Secretary of State Antony Blinken claimed last week that Arab nations won’t accept a post-Hamaswar solution that ensures Israel’s security absent a “pathway to a Palestinian state.” Yet the Abraham Accords prove that’s just not true.
“This crisis has clarified that you can’t . . . achieve either goal without an integrated, regional approach,” argues Blinken. No: If anything, Hamas’ 10/7 attack, and Palestinians’ support for it, shows that a Palestinian state would be a disaster for Israeli security.
Polling indicates that average Palestinians favor Israel’s eradication through Oct. 7-style savagery, as 57% of Gazan and 82% West Bank Palestinians back the Hamas attack. Heck, Palestinian leaders have passed up multiple offers of statehood on the condition of accepting Israel’s continued existence.
And if they got a state — one that, like pre-Oct. 7 Gaza, couldn’t be monitored and controlled sufficiently to ensure Israel’s security — how could anyone trust them not to use it to launch more attacks?
No wonder two out three Israelis now oppose a two-state solution, per Gallup — a complete flip from a decade ago, when 61% of Israeli adults backed it.
Yes, some Arab leaders publicly insist on a plan for a new nation before normalizing ties with Israel: “We can’t live with Israel without a Palestinian state,” Saudi Ambassador to the United Kingdom Kahlid bin Bandar declared Tuesday. Of course they’ll say that, when Team Biden has been demanding it: They don’t want to look more pro-Israel than Washington.
The notion that Palestinian statehood is the only hope for broader regional peace prevailed for decades, with little to show for it.

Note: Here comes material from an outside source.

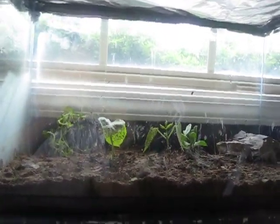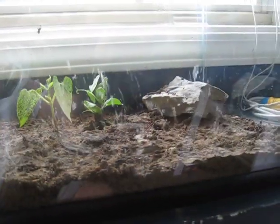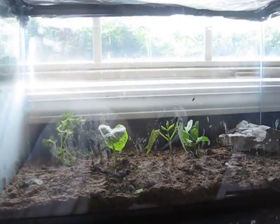Every week I'm going to post a new video about the progress of what is in our aquarium. We shall see if it can self-sustain itself with just the few variables that are inside, and we shall truly see if it can sustain.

But then President Donald Trump (and son-in-law Jared Kushner) took a different approach — and got four Arab nations (the United Arab Emirates, Bahrain, Sudan and Morocco) to sign peace deals with Israel without even talks toward a Palestinian state.
The powerful logic: Such deals pressure Palestinians to give up their delusions of destroying Israel. Truth is, many Arab regimes, including Saudi Arabia, realize their biggest threat is from Iran and see only benefits from ties with Jerusalem; they’re eager to establish relations.
Team Biden should admit publicly that Oct. 7 made any Palestinian state impossible in the near term, and push for broader Arab-Israeli normalization (including Arab states’ cooperation in governing post-war Gaza) that can foster the normalization of Palestinians from a perpetually aggrieved and impoverished people to a populace that realizes they can prosper alongside Israel.
A genuine two-state solution is a wonderful goal, but the roadblock isn’t Israel but a Palestinian population that’s been taught for decades that the only “solution” is Israel’s elimination.
Demanding a Palestinian state now is pure fantasy, and utterly counterproductive when it comes to advancing peace. Then again, “counterproductive” is par for the course for this White House.